Implementation of Machine Learning Models to Nowcast GDP
Overview
Teaching: 130 min
Exercises: 130 minQuestions
Can Google Trends and machine learning predict Nigeria’s GDP? We trained nine machine learning models to answer this question.
Objectives
Train
and compare machine learning models that leverageGoogle Trends
data to forecast Nigeria’squarterly GDP
that helps policymakers and businesses react faster than waiting for official GDP releases.
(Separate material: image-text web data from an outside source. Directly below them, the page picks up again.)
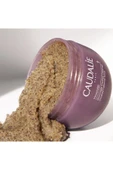 Caudalie Vinosculpt Vücut Peelingi 250 G - 2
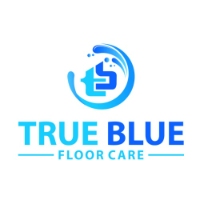 Local Business True Blue Floor Care in North Wollongong NSW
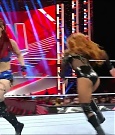 WWE_Monday_Night_Raw_2023_01_02_720p_HDTV_x264-NWCHD_mp4_004985986.jpg
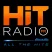 Hit Radio FR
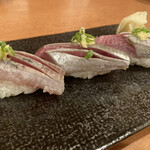 Shigeno Zushi - 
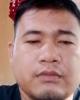 Jun is single in San Diego, CA USA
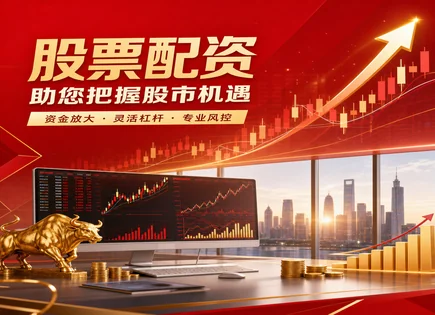 股票配资微博视角：杠杆、流程与美股案例的对照解析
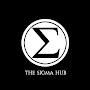 @the-sigma-hub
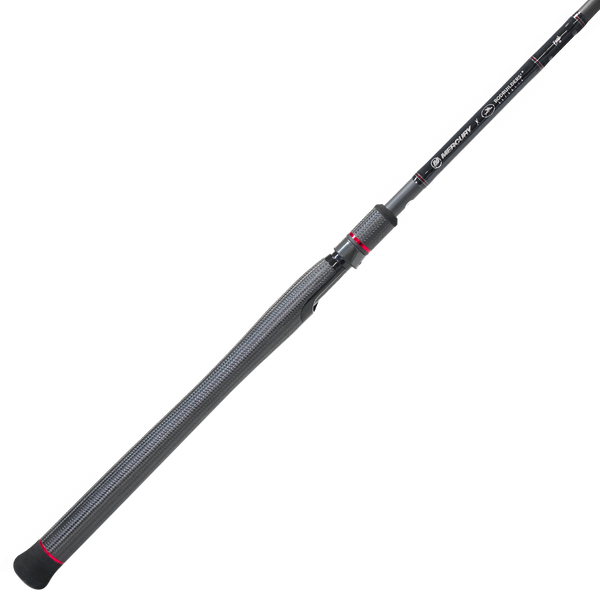 ノースフォーク　MB736-1 X-RAY LMX MB 736-1 (X-RAY LMX)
Leveraging Machine Learning Models and Google Trends Data to Nowcast Nigeria’s Quarterly GDP
Why GDP nowcasting matters
-
Improve timeliness: Calculating quarterly Gross Domestic Product (GDP) requires data from various sources, including government records and surveys. This data often takes 2-3 weeks even more to become available after the end of each quarter, making it difficult to have a real-time understanding of the economy.
-
Enhance accuracy: Machine learning can integrate high-frequency data (Google Trends, financial transactions, satellite data) to improve estimates.
-
Optimize resource use: Reduces dependency on costly and time-consuming traditional surveys by using alternative data sources.
-
Supporting economic policy: Governments and policymakers need early economic insights (early warning signals) to make informed decisions and get early signals of economic changes for timely interventions. E.g: Governments can respond faster to economic slowdowns or booms.
-
Tracking economic shocks: Detects economic downturns (e.g., COVID-19 impact, financial crises) before official statistics confirm them.
-
Improving investor confidence: Real-time GDP estimates allow investors to make better decisions about trade, foreign direct investment (FDI), and market stability.
Objective
Train
and compare machine learning models that leverage Google Trends
data to forecast Nigeria’s quarterly GDP
that helps policymakers and businesses react faster than waiting for official GDP releases.
GDP Nowcasting Workflow
- Data Preparation is where various data sources such as
GDP
andGoogle Trends
time series are compiled into a single consistent dataset. - Preprocessing adjusts the raw data (e.g., monthly to quarterly alignment, normalization, detrending, and seasonality removal) to isolate meaningful signals.
- Feature Engineering creates new variables or transforms existing ones (like lagged Trends features) to better capture predictive relationships.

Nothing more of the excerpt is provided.